Considera per contraria, che per donna straniera (a parlar moralmente) qui devi intendere quella, che si oppone alla Sapienza, e per aliena, quella che non concorda colla Prudenza. Alla Sapienza si oppone, se ben riguardi, la tua sensualità, la quale stupida nel sapor delle cose, e conseguentemente anche stolta, si costituisce il suo fine in ogni altro bene, che in quello che è puro spirito, ma vuole beni che soggiacciano al senso. Alla Prudenza si oppone la tua umanità, la quale è vero, che non vuol diviar dall’ultimo fine, ma frattanto non si applica a conseguirlo efficacemente, come dovrebbe. La sensualità si può dire una donna « estranea  straniera », perciocchè ella è oppostissima alla Sapienza. L’umanità si può dire una donna aliena, perchè non è alla Prudenza contraria, ma non va con essa d’accordo in tutte le cose, si mostra aliena, almeno dall’operare efficacemente.
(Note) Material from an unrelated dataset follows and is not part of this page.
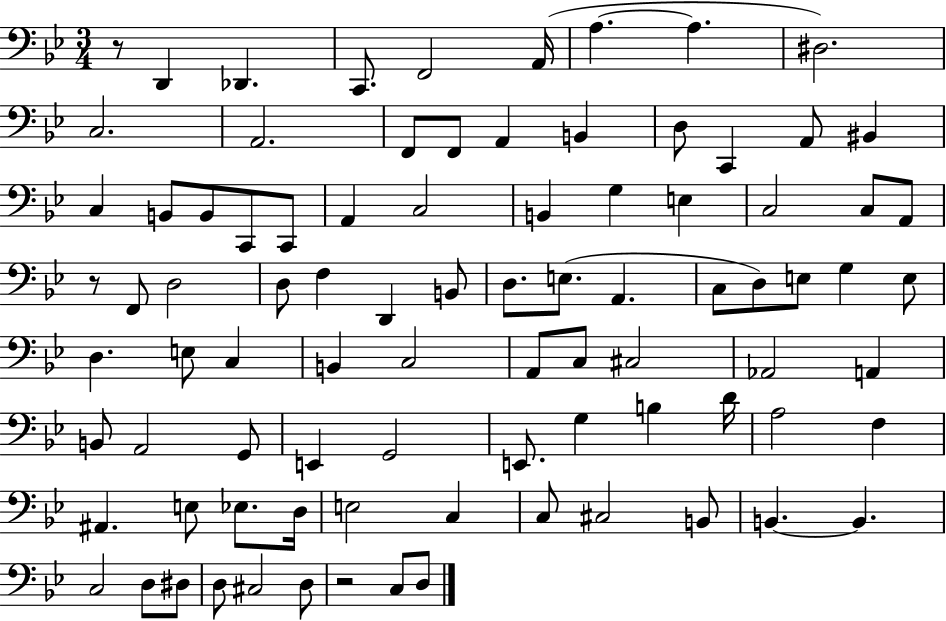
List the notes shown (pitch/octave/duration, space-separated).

R/e D2/q Db2/q. C2/e. F2/h A2/s A3/q. A3/q. D#3/h. C3/h. A2/h. F2/e F2/e A2/q B2/q D3/e C2/q A2/e BIS2/q C3/q B2/e B2/e C2/e C2/e A2/q C3/h B2/q G3/q E3/q C3/h C3/e A2/e R/e F2/e D3/h D3/e F3/q D2/q B2/e D3/e. E3/e. A2/q. C3/e D3/e E3/e G3/q E3/e D3/q. E3/e C3/q B2/q C3/h A2/e C3/e C#3/h Ab2/h A2/q B2/e A2/h G2/e E2/q G2/h E2/e. G3/q B3/q D4/s A3/h F3/q A#2/q. E3/e Eb3/e. D3/s E3/h C3/q C3/e C#3/h B2/e B2/q. B2/q. C3/h D3/e D#3/e D3/e C#3/h D3/e R/h C3/e D3/e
Ciascuna di queste due parti, oh con che lusinghe si aiuta per adescarti alle proprie voglie ! « Verba sua dulcia facit  addolcisce le sue parole ».

III.

Considera le lusinghe della tua sensualità. Questa si studia di attrarti a se con volere, che tu non tanto ti regoli dal discorso, quanto dai sensi, e che però non t’innamori di beni astratti, impercettibili, ignoti, quali sono i Celesti, mentre per essi convien lasciar i terreni, cioè lasciare di godere il presente per il futuro. E cosi tende la temeraria a levarti ancora la fede, perchè non v’è cosa, la quale generi tanto l’infedeltà, quanto questa via di procédere animalesca.

IV.

Considera le lusinghe della tua umanità, cioè di quella tua parte della natura, non depravata, ma fiacca, alla quale alluse l’Apostolo, quando disse: « Humanum dico propter infirmitatem carino vestrae. — Parlo da uomo a riguardo della debolezza della vostra carne » (Lettera ai Romani 6, 19). Questa ancor ella verba sua dulcia facit, perchè ti dice, che convien servir a Dio tuo ultimo fine, ma che non bisogna ammazzarsi; che basta contentarsi di una bontà mediocre, senza volere aspirare alla santità; che è maggior gloria di. Dio operar con moderazione, e così potere col tempo giovare a molti, che operare con gran fervore, ma uccidersi innanzi il tempo.

V.

Considera come dalle lusinghe di ambedue queste ha da preservarti la sposa tua e la tua amica. La Sapienza, ch’è sposa tua, ha da preservarti dalle lusinghe della sensualità, con tenerti stretto fra le sue braccia, ch’è quanto dire, con fare, che tu stii sempre forte nella cognizione del tuo ultimo fine. Sinchè farà così non vi sarà rischio, che tu rivolti a questo le spalle, per idolatrar quei beni, che sono soggetti al senso. La Prudenza, ch’è tua amica, ha da preservarti dalle lusinghe della tua umanità, con far che tu discretamente consideri fino a qual termine sia conveniente di udirla, perchè nè tutto si deve a questa concedere facilmente, nè tutto crudelmente negare. Ci vuol prudenza. Non si può dare altra regola.

VI.

Considera, come questo santo Dottore Angelico seppe con quella Sapienza, e con quella Prudenza, ch’egualmente in lui furono sovrumane, schermirsi behe da quei lusinghevoli assalti, che in noi procedono o da iniquità, o da fiacchezza; mentre visse in terra qual Angelo di costumi. Ma se mai ciò divinamente egli fece, fu quando si schermì dagli assalti di quella sciagurata femmina, non pur aliena, ma strania, che andò a tentarlo. Allora sì ch’egli vide pronto il soccorso che ricevette e dalla Sapienza e dalla Prudenza. La Sapienza fece, ch’egli senza una minima esitazione la rigettasse a un tratto da sè ; la Prudenza che la rigettasse con un partito sì proporzionato, qual fu avventarle contro un tizzone. E tu pure impara, che a saperti ben governare tra assalti simili ci vuol Sapienza e Prudenza. Sapienza per tener sempre vivissima nella mente la cognizione del tuo ultimo fine, per aderire a lui con fortezza: Prudenza per fuggire le occasioni pericolose, o per isbrigartene, quando esse vengano contro tua voglia a trovarti.